### How to complete this task:
From the line with "Hi, I'm Kayn" to the line with "Hey everybody, Thomas", output every line below exactly, both ends included. Skip the pictures.

### Provided records:
○ ○ ○ ○
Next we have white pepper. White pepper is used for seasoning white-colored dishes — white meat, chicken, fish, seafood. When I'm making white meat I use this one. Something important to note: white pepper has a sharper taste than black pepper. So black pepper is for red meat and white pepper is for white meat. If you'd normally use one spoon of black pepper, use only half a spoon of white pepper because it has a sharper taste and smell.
○ ○ ○ ○
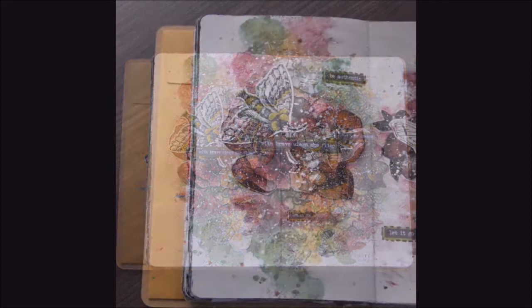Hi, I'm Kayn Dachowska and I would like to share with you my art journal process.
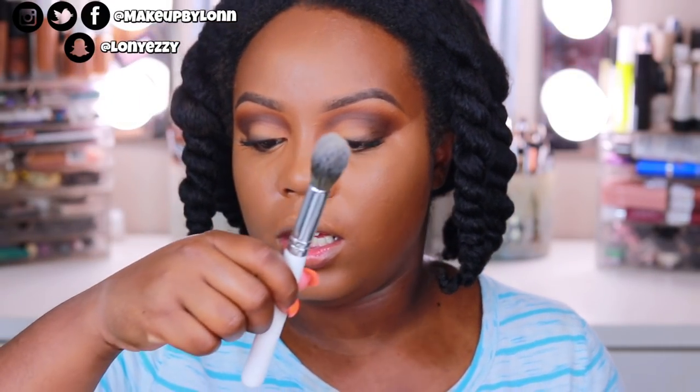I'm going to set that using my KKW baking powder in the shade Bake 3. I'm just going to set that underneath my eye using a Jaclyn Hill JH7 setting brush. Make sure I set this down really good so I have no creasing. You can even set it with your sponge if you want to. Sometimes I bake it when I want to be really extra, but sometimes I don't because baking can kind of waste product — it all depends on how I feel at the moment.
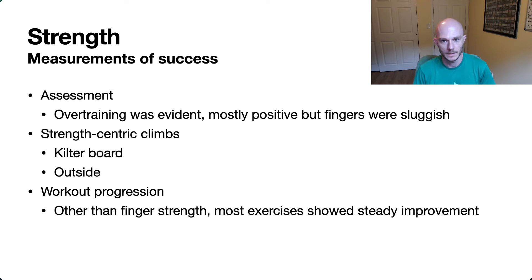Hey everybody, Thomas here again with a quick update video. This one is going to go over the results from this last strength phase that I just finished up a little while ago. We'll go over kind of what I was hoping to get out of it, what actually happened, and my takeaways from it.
○ ○ ○ ○
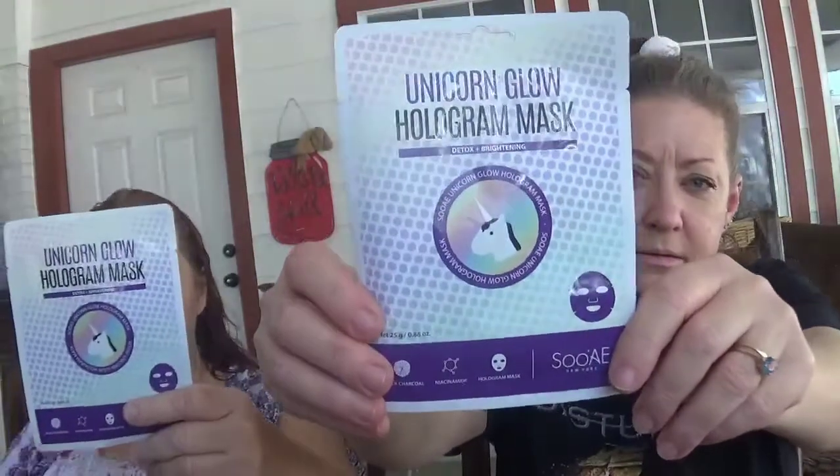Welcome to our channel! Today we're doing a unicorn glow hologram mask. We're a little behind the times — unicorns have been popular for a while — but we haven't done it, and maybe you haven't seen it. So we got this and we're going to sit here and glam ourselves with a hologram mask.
○ ○ ○ ○
### Solution for this problem:
Hi, I'm Kayn Dachowska and I would like to share with you my art journal process.
I'm going to set that using my KKW baking powder in the shade Bake 3. I'm just going to set that underneath my eye using a Jaclyn Hill JH7 setting brush. Make sure I set this down really good so I have no creasing. You can even set it with your sponge if you want to. Sometimes I bake it when I want to be really extra, but sometimes I don't because baking can kind of waste product — it all depends on how I feel at the moment.
Hey everybody, Thomas here again with a quick update video. This one is going to go over the results from this last strength phase that I just finished up a little while ago. We'll go over kind of what I was hoping to get out of it, what actually happened, and my takeaways from it.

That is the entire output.